Cinemaなおしゃれ・14

上半身にポイントをおいて

イングリッド・バーグマン

Ingrid-Bergman

 若い頃、イングリッド・バーグマンは素顔のままでスクリーンテストに合格しました。ハリウッドはスウェーデン生まれのバーグマンの、天然の美に感じ入ったのです。身長が170センチをこえ、当時としては大柄なほう。それだけに健康的で大らかで、大地の匂いがします。

 鼻、口、頬にかかる線が華やかで、歯並びが整っている彼女。そこにブロンドの髪が花をそえます。

 46年アルフレッド・ヒッチコク監督の『汚名』は「映画史上もっとも長いキス・シーン」で有名です。共演はケーリー・グラント。

 ホテルの部屋についた2人は、磁石がくっつくように抱き合います。高い鼻がほとんど離れず、水が入る隙間もありません。スクリーンは、見上げるバーグマン、見つめるケーリーのアップで埋まります。

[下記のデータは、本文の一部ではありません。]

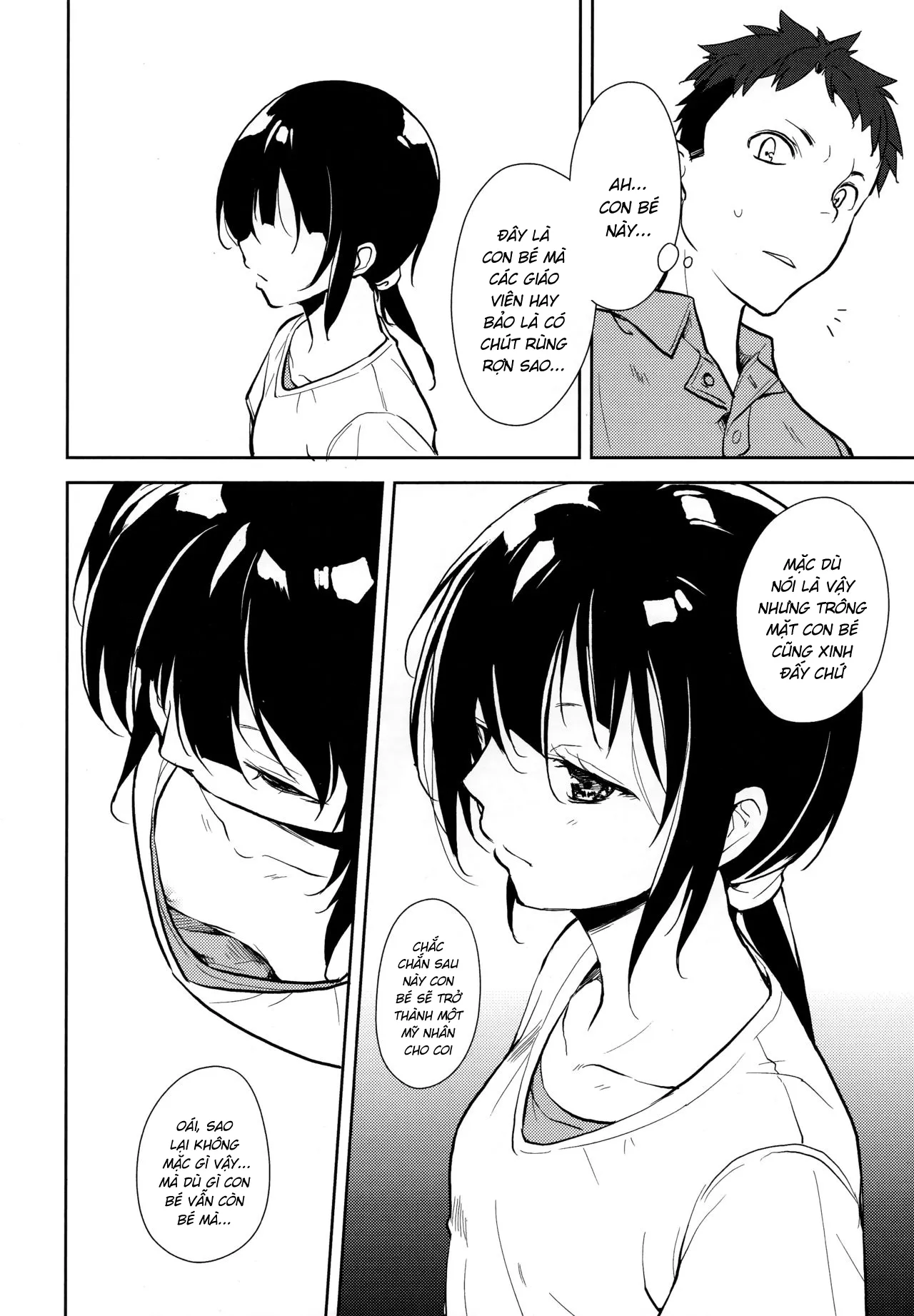 HentaiVN.net - Ảnh 30 - Shoujo M [少女M] - Chap 6.3 - End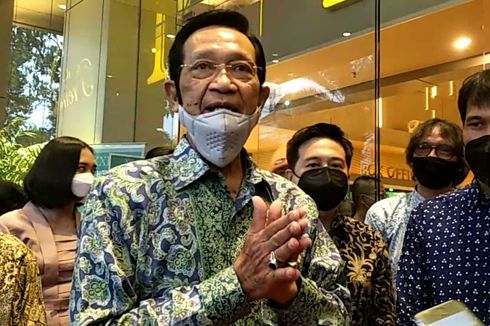 Sultan Hamengkubuwono X Puas dengan Isi Film Losmen Bu Broto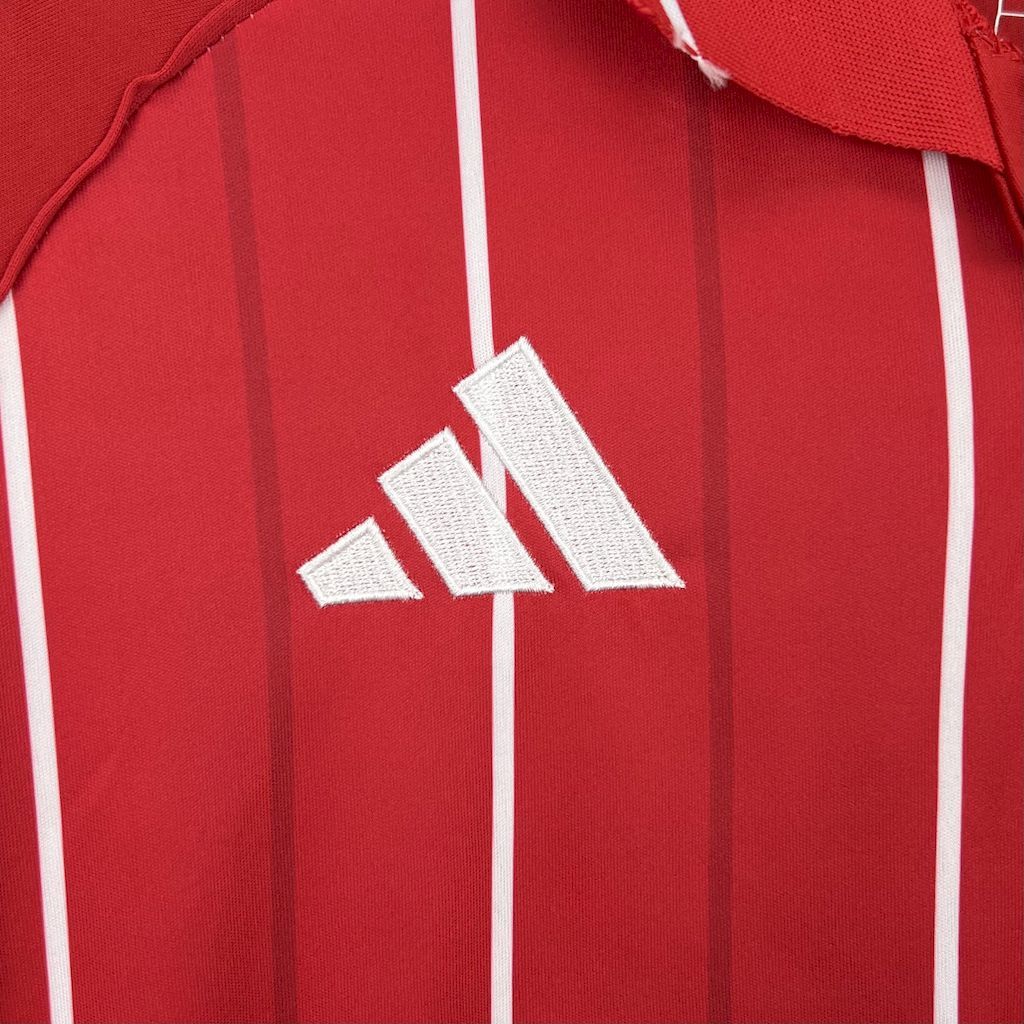 Nottingham Forest 2025-26 Home Football Jersey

 バーグマンは、襟のつまったボレロ風スーツ。散髪がえりみたいなケーリーは、きちんとネクタイを締めています。上品で、決して乱れることのない定型の美。

 衣装デザインはイデス・ヘッド。上半身にポイントをおき、下半身に余裕をもたせたロング・ドレスが、バーグマンをしなやかに見ます。

 黒ベルベットのドレスは、胸と背中が大きく刳れ、アクセサリーはベルトとイヤリングだけ。大柄だからこそ、着こなせるドレスです。

 モノクロームの画面が衣装とともにスリルを盛り上げ、バーグマンの魅力を一層ひきたてていました。